Top positive review
18 people found this helpful
Some important ideas but much work remains to be done
on August 16, 2008
In software development a 'refactoring' is a change that improves code quality without changing functionality. Refactoring helps keep an application maintainable over its life-cycle as requirements evolve, and is particularly of interest to those adopting modern 'agile' methodologies. This book comprises five general chapters on database refactoring - about 70 pages - followed by a 200 page catalog of various refactorings. The refactorings are classified as 'structural', 'data quality', 'referential integrity', 'architectural' and 'methods'. An additional chapter catalogs 'transformations', more on which in a moment. Each catalog entry uses a template including 'Motivation', 'Tradeoffs', 'Schema Update Mechanics', 'Data-Migration Mechanics' and 'Access Program Update Mechanics'. The 'Mechanics' sections include example code fragments for Oracle, JDBC and Hibernate.
Several of the structural refactorings are just simple database schema changes: rename/drop column/table/view.

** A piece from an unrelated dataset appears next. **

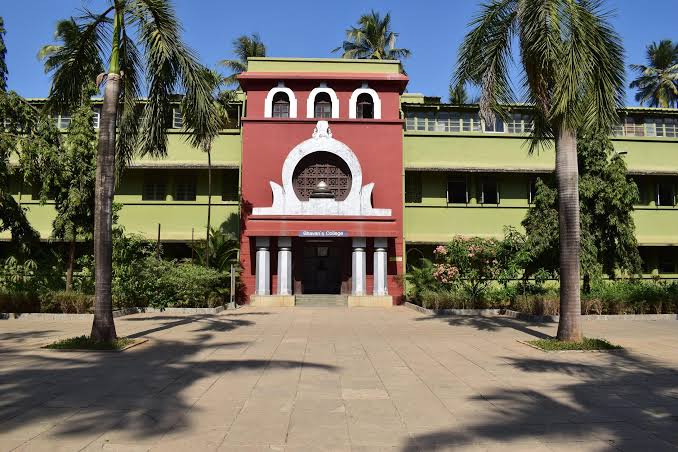 Bhavans College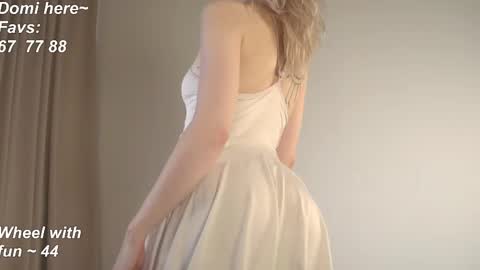 Snapshot of katy_snacks chatting on 05-19-26, 03:29 Katy online show from 05-19-26, 03:29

Adding is not really a refactoring so add column/table/view were cataloged as 'transformations' - changes that do affect the application, a distinction that appears to me a little clumsy. Some structural refactorings are more interesting: merge/split columns/tables, move column, introduce/remove surrogate key, introduce calculated column, introduce associative table.
The data quality refactorings include introduce/drop default values, null or check constraints, standardize codes, formats and data types, use consistent keys and lookup tables. Most of these are common best practices, seeing them cataloged as refactorings didn't yield me any new insights. Only replacing type codes with flags was of special interest.
Referential integrity refactorings include the obvious add/drop foreign keys with optional cascading delete, but also using triggers to create a change history and hard vs. soft deletes. Using before and after delete triggers to implement soft deletes is probably the best example in the book.
Architectural refactorings include using CRUD methods (ie. stored procedures or functions to select/insert/update/delete records), query functions that return cursor refs, interchanging methods and views, implementing methods in stored procedures, using materialized views and using local mirror tables vs. remote 'official' data sources. All these are common design techniques and the discussion of motivation and tradeoffs is particularly relevant.
The final section on method refactorings is more abbreviated and covers typical code refactorings. These qualify for inclusion only because databases include stored procedures, but they have nothing to do with schema evolution.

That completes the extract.